Not every country has geothermal potential.
Installation and start up costs are expensive
Drilling can release harmful gases.
Geothermal activity can change which can make the production of energy harder

The need for energy efficiency


With energy consumption rising, it is important that industry, transportation and consumers in their homes use energy more efficiently, so that less is wasted. This will also save money on fuel bills. We can all help by making changes to our lifestyles and our houses – for example by:
walking, cycling, or using public transport rather than fossil-fuel powered cars
using smaller more energy-efficient cars
reducing the number of aircraft journeys taken (especially short-haul flights)
switching off lights, power sockets, phone chargers and televisions when not in use
using energy-efficient light bulbs and rechargeable batteries
recycling and reusing plastics and oil-based products
insulating house roofs, blocking drafts, using double-glazing and more efficient heating systems
considering introducing solar panels, or switching to an electricity supplier that supplies green electricity.

Fuel wood


Fuelwood is the most common source of energy for people living in LICs – it is estimated that about 40% of the world’s population rely on fuelwood. Fuelwood is often the main source of energy because countries either can’t afford to buy raw materials to produce energy, don’t have the technology or money to build and operate powers stations and certainly don’t have a national grid to distribute energy. Fuelwood has multiple functions, it can be used for cooking, heating and scaring away wild animals. Although using fuelwood is essential for many people it can cause environmental and social problems. Problems include:

Biodiversity loss (vegetation is removed and animals lose their home)
Desertification and reduced rainfall
Increased soil erosion and increased sandstorms
Increased time spent looking for wood
Children taken out of school to look for wood
Dangers posed by collecting wood (wild animals and criminals)
Dangers of breathing in smoke inside houses
Risk of fire within houses.


Nuclear power

Nuclear power is an increasingly important source of energy, accounting for over 20% of the UK’s energy. Nuclear power uses heat obtained from uranium or plutonium atoms which are split. Water or gases (such as carbon dioxide) are used as a cooling system around the core. Steam is produced by heat created from the reactor and this steam is used to turn the turbines which in turn are used to generate electricity.

Nuclear Power in the UK
There are now about 20 nuclear power stations in the UK.

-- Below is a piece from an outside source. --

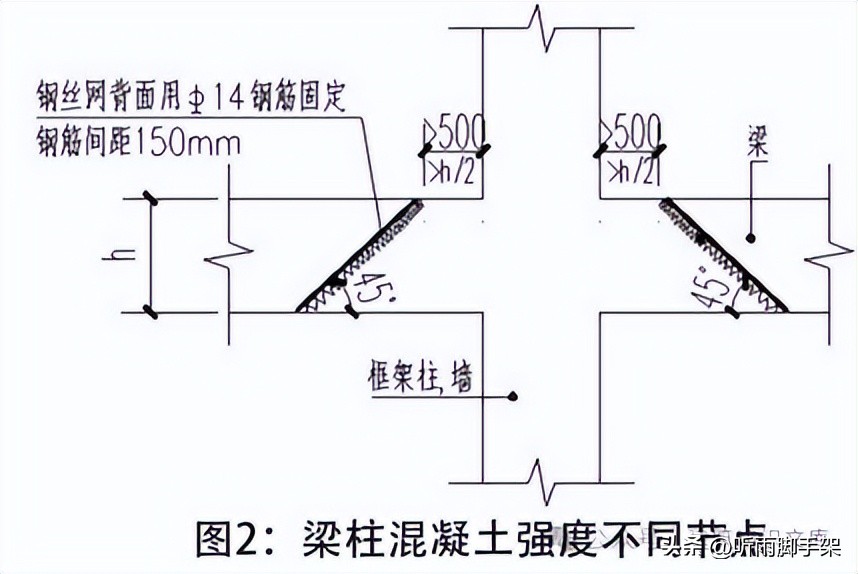 混凝土浇筑过程控制：旁站、振捣、刮平三步保质量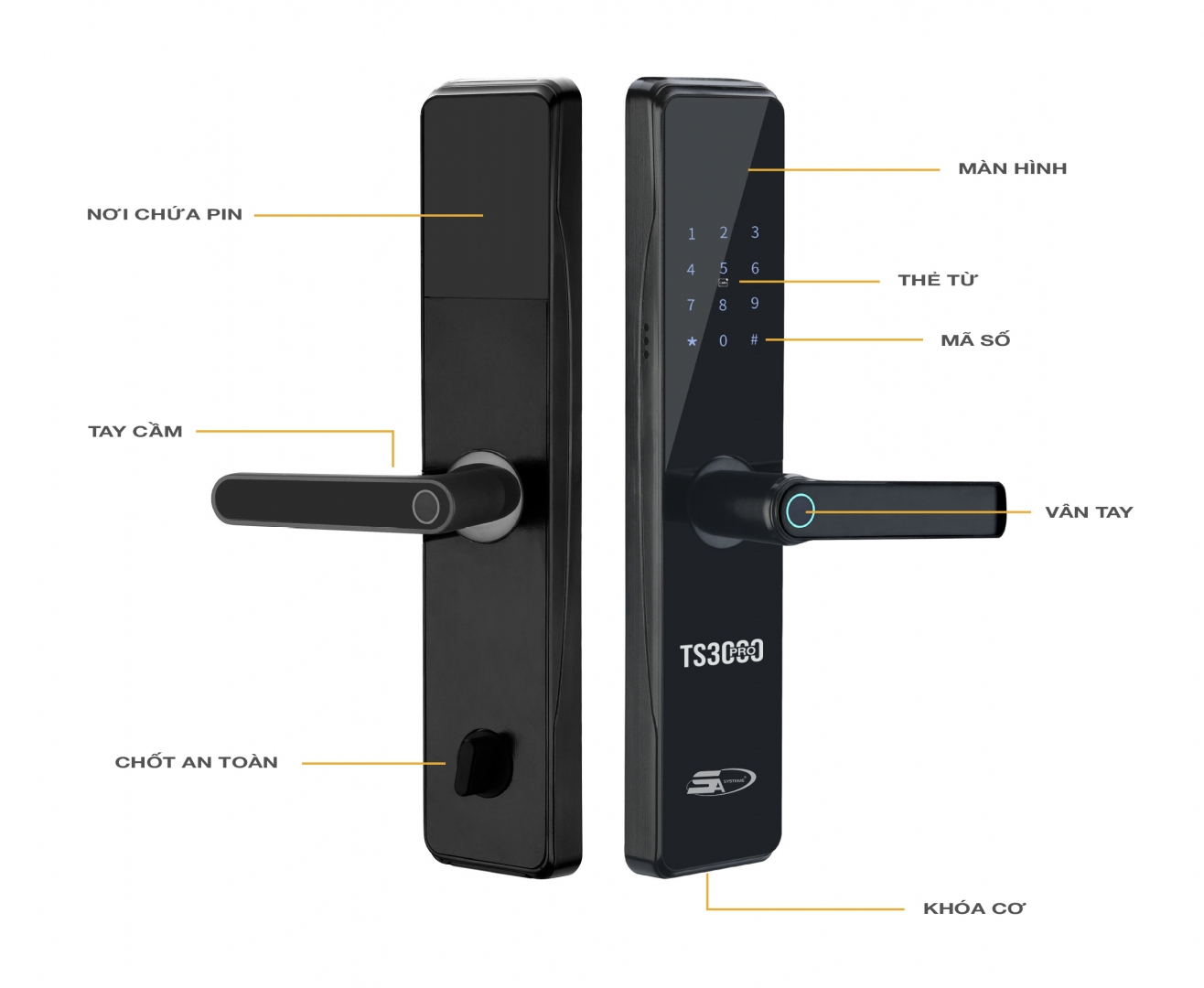 Khóa cửa vân tay 5Asystem TS3000 Pro - phân phối tại An Ninh 365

Nuclear power stations tend to be located close to the coast because…
– they are remote and away from centres of population (due to the possible dangers which can be associated with nuclear power
– large quantities of water are required for the cooling process
– uranium is imported
– power stations need deep foundations


Advantages of Nuclear power:
– only a small amount of uranium is required to produce very large amounts of energy
– nuclear power is a clean energy source – no toxic gases are released
– uranium is cheap and easily available
– it is a cheaper energy source than fossil fuels
large reserves of uranium are available

Disadvantages of Nuclear power:
– problems associated with disposing of nuclear waste (remains a danger for a long time – thousands of years)
– although uranium is cheap, the power stations themselves are expensive to build in the first place (Around 1.5 billion pounds)
– whilst staff are highly trained there is potential danger – e.g. the Chernobyl disaster (Ukraine, 1986)
– it is expensive and difficult to make old power stations safe
– nuclear power stations are restricted in possible locations (must be on firm, stable land – usually away from large centres of population for safety).